Does anyone have one/ use this set up or know where to get one.

have done a google search/ internet search but to no avail. have also tried maplins/ rs supplies and a few others as well. 

cheers
Neil


----------



## nezzer01

*sec timer*

hi there 
have you tryed Climate Control Price List
but you will need a 2 t0 3 pin adaptor :2thumb:


----------



## pollywog

A lot of the digital seconds timers available such as the Lucky Reptile Pro Timer are hacked and re-programmed minute timers and as such prone to failure.
We stock a reliable seconds timer that we use with our misting systems, they are built specifically as seconds timers for controlling pumps. We should have fresh stock arriving tomorrow. Do you know the wattage of your humidifyer?


----------



## scubamedic

pollywog said:


> A lot of the digital seconds timers available such as the Lucky Reptile Pro Timer are hacked and re-programmed minute timers and as such prone to failure.
> We stock a reliable seconds timer that we use with our misting systems, they are built specifically as seconds timers for controlling pumps. We should have fresh stock arriving tomorrow. Do you know the wattage of your humidifyer?


Thanks for your replies. not sure off hand of wattage but its a lucky reptile super rain machine.

whats this "hacked" in regards to the timer please

also what sort of price would I be looking at please polywog??


----------



## pollywog

By hacked I mean they take a standard digital timer, break into the program and alter it (like someone hacks into a website or hacks into a computer). This seams to have an effect on the timer and causes them to fail, some sooner than others.

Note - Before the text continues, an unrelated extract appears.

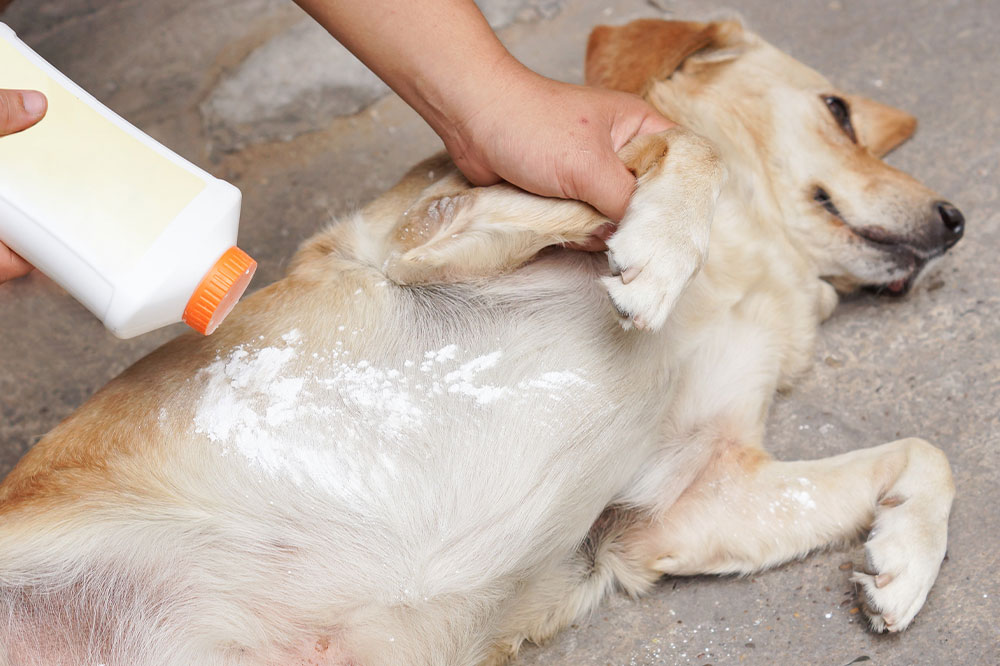 5 Natural Tips to Rid Pets of Fleas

The timers we stock are usually £35 I know that's a bit more expensive than some of the other options available but they are very reliable and in my view worth the extra, it's much better to spend a little extra on the timer than risk damage to the devise it's controlling - they are the only timers I recomend for controling our misting systems. They are designed to be used in conjunction with a standard household segmental timer and wire in place of the plug. They have 5, 10, 15, 20, 25, 30, 35, 40, 60, 90, & 120 second time periods as well as an option for continuous running. They are also built in the UK and so are built to UK electrical standards to be used with a maximum recommended pump size of 150 watts.

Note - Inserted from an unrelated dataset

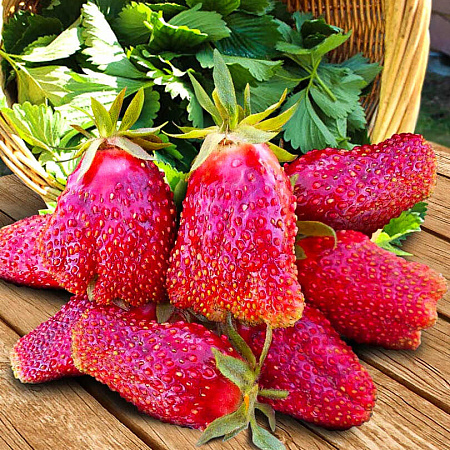 Фото Земклуника Купчиха (в горшках)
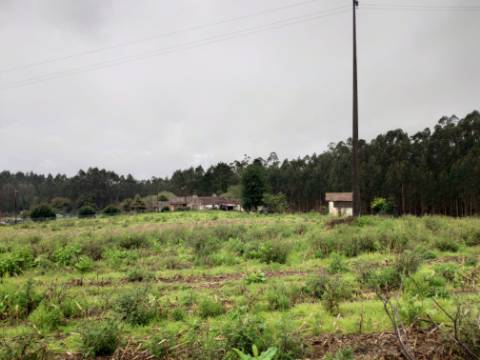 Terreno para Construção em UL, Oliveira de Azeméis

Also we have our January sale on at present so they will go staight into the sale when they arrive back into stock tomorrow.


----------



## nezzer01

hi pollywog could you put a link on as i carnt find you timers
thanx s:2thumb:


----------



## pollywog

Hi, At the moment they're not on the site as they're out of stock - I don't list things on the site if I don't have them in stock ready to be sent out. They'll be back on there under the *Misting Systems> Controllers* section as soon as they come in.


----------



## nezzer01

thanxs pollywog will keep a look out on your site :2thumb:


----------



## pollywog

Looks like the snow that fell around us last night has held up our deliveries, it will probably be monday that we receive the new stock now.


----------



## pollywog

Arrived this afternoon they're now back up on the site.


----------



## scubamedic

Hi Pollywog

Not too sure how they work. I need to buy another normal timer I guess an then wire them in some how?? Do they come with installation instructions etc as im not very electrical literate. 

thanks
Neil


----------



## pollywog

You wire these on to your pump in place of the plug (instructions are provided and it's very simple), you then turn the dial on the timer to set the number of seconds you want.
Next you take a normal household segment timer (a couple quid from DIY stores, Supermarkets or Argos - or sometimes available free from your local police) and set the on/off periods.
Plug the seconds timer into the segment timer and then plug the segment timer into the mains. The segment timer brings the pump on at the set times and the seconds timer over-rides and cuts the power to turn it off after the set number of seconds.

It's much simpler than it sounds.

If your pump has a transformer plug you can wire the timer onto an extention lead and plug it in that way.


----------